Directions for this task:
Give the listing again exactly, omitting its images.
____ Entries supplied
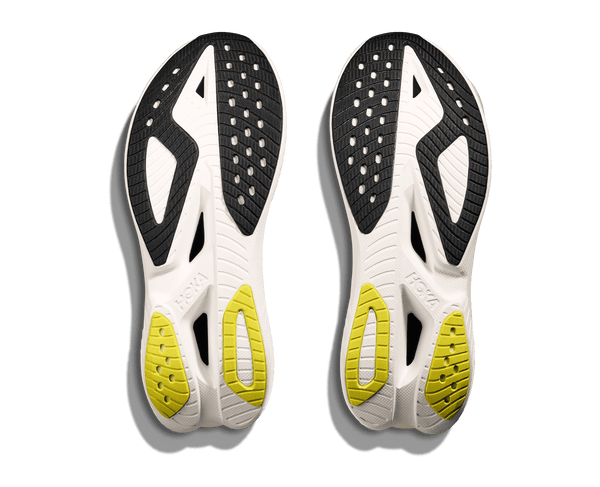 Black rubber is used on the outsole around the toe white neon yellow rubber is used near the heel.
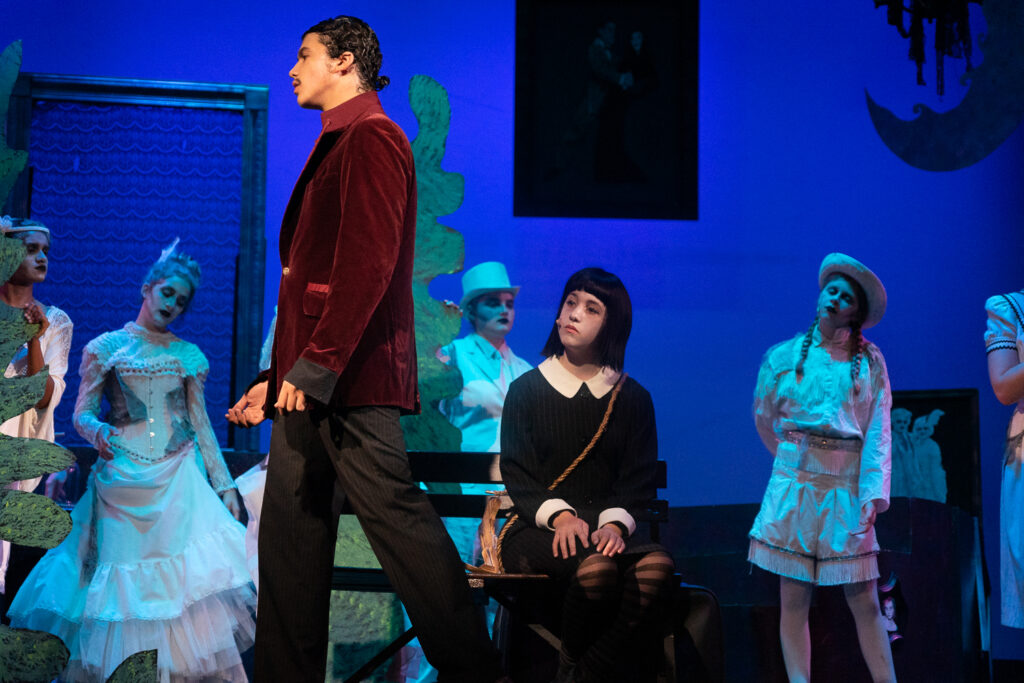 Long Lake Camp for the Arts staging a lively Addams Family scene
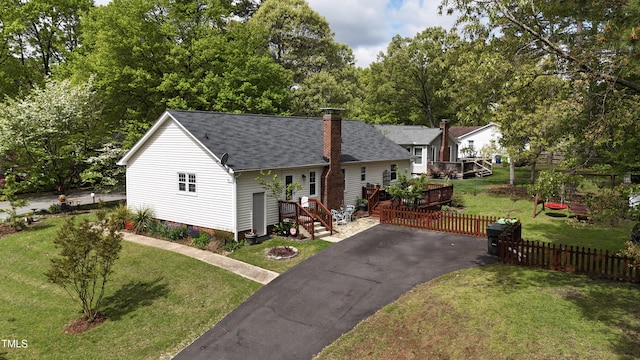 700 Sawmill Rd, Raleigh, NC 27615 - view of front facade featuring fence, a shingled roof, a front lawn, and a chimney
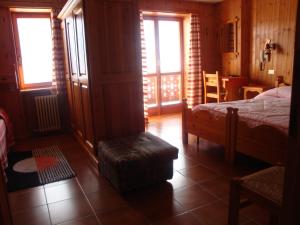 Ένα ή περισσότερα κρεβάτια σε δωμάτιο στο Hotel Alpe Fleurie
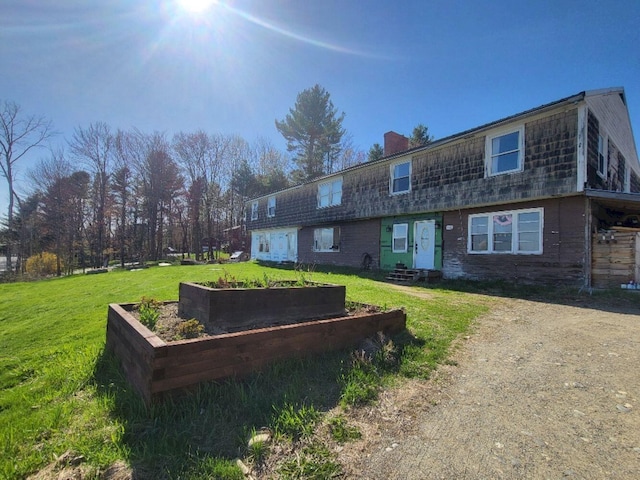 exterior space with a lawn, a vegetable garden, a chimney, and entry steps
________
Output:
 Black rubber is used on the outsole around the toe white neon yellow rubber is used near the heel.
 Long Lake Camp for the Arts staging a lively Addams Family scene
 700 Sawmill Rd, Raleigh, NC 27615 - view of front facade featuring fence, a shingled roof, a front lawn, and a chimney
 Ένα ή περισσότερα κρεβάτια σε δωμάτιο στο Hotel Alpe Fleurie
 exterior space with a lawn, a vegetable garden, a chimney, and entry steps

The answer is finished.